Leadership Decapitation – Strategic Targeting of Terrorist Organizations

Jenna, Jordan: Leadership Decapitation. Strategic Targeting of Terrorist Organizations, Stanford University Press, Stanford, California 2019, ISBN 9781503608245, 260 S.

Der Afghanistan-Einsatz der Bundeswehr und der NATO ist beendet. Er war nicht erfolgreich und die Diskussion um die Ursachen dafür beginnt. Doch zahlreiche Fehlentwicklungen wurden bereits vor Jahren von Expertinnen und Experten herausgearbeitet, jedoch wurden sie von der politischen Führung ignoriert. Dies betrifft insbesondere die leadership decapitation, die bei einigen NATO-Verteidigungsministern als die „silberne Kugel“ dafür galt, Al-Qaida, die Taliban und den sogenannten Islamischen Staat zu zerstören. Dahinter stand die Annahme, dass charismatische Führer von terroristischen Organisationen getötet werden müssten, um damit die gesamte Gruppierung besiegen zu können.

Jenna Jordan (Associate Professor at the Sam Nunn School of International Affairs at the Georgia Institute of Technology) hat die Wirksamkeit der leadership decapitation in ihrer Studie 2019 untersucht. Ihre Forschungsleitfragestellungen waren: „Does leadership decapitation work?“ (S. 6) und „Does decapitation result in organizational collapse?“ (S. 47). Gestützt auf ihre Datenbank über terroristische Gruppierungen weltweit im Zeitraum 1970-2016 analysierte sie an 1.276 Fallbeispielen von leadership decapitation deren Auswirkungen auf die bekämpften Gruppierungen. Dann folgten in drei Kapiteln die Beispiele: Hamas, Shining Path (Peru) und Al-Qaida/Islamischer Staat.

Jordan arbeitete heraus, dass die Resilienz der terroristischen Gruppierungen gegen das leadership targeting von drei Faktoren abhängt: 1. Der Ausbildung fester Führungsstrukturen (Bürokratisierung), 2. der lokalen Unterstützung durch die Bevölkerung und 3. der Ideologie. Als besonders resilient erwiesen sich islamistische terroristische Gruppierungen mit einer aktiven Mitgliederanzahl von 1.000 bis 5.000. Al-Qaida war im Zeitraum 1998 bis 2014 von 287 leadership targetings betroffen. In keinem Fall führte dies zum Zerfall der betroffenen Gruppierung, sondern löste im Gegenteil statistisch nachweisbare verstärkte Anschlagsaktivitäten aus.

Die Bürokratisierung, wie Jordan beschreibt, also der hohe Grad des Ausbaus der Struktur, bewahrte Al-Qaida vor den negativen Folgen der Angriffe auf die eigenen Führer, für die oft seit Jahren Stellvertreter ausgebildet und aufgebaut worden waren.

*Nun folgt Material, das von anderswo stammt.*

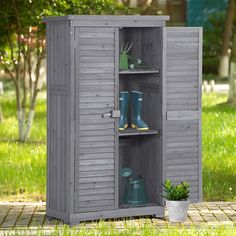 an outdoor storage shed with its doors open and gardening tools in the bottom shelf next to it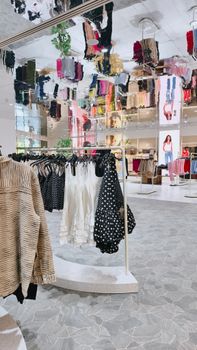 Interior view of a stylish fashion store featuring a vibrant mirror ceiling and clothing racks.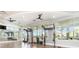 Bright gym featuring pull-up bars, mirror, and large windows with views of trees at 43984 Boardwalk Loop # 1726, Punta Gorda, FL 33982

„The statistical findings presented in Chapter 4 support the argument that targeting the leadership of alQaeda and its affiliates is unlikely to be effective and may actually have counterproductive consequences. The data indicates that large, religious, Islamist, and sometimes older organizations are highly resistant to leadership targeting.“ (S. 163)

In der Schlusszusammenfassung stellte Jenna Jordan dann fest: „Leadership targeting has been an ineffective strategy against al-Qaeda.“ (S. 178)

Die Studie von Jordan arbeitet einen strategischen Fehler des Ansatzes der Counterinsurgency-Strategien sämtlicher USPräsidenten und der NATO seit 9/11 heraus. Jedoch bleibt festzustellen, dass insbesondere das US-Militär bereits 2007 vor dieser falschen politischen Strategie warnte. In der US-Dienstvorschrift Counterinsurgency Field Manual FM 3-24, die für die U.S. Army und das U.S. Marine Corps gilt, wird ausdrücklich (mit einem gewissen Spott gegenüber den führenden Politikern) betont: „Insurgencies do not normally lend themselves to generalizations like ´if this leader is removed, the insurgency is over` or ´this group drives the movement.` It is important not to oversimplify an insurgency.“1 Leider hat Jordan die anzuwendende militärische US-Dienstvorschrift nicht mit in ihre Analysen miteinbezogen.

Zahlreiche Tabellen und Übersichten, Endnoten, die Bibliografie und ein detailliertes Register erleichtern das Verständnis der Untersuchung enorm, die einen strategischen Beitrag zur Aufarbeitung der Ursachen des Scheiterns der Bundeswehr und der NATO in Afghanistan leistet.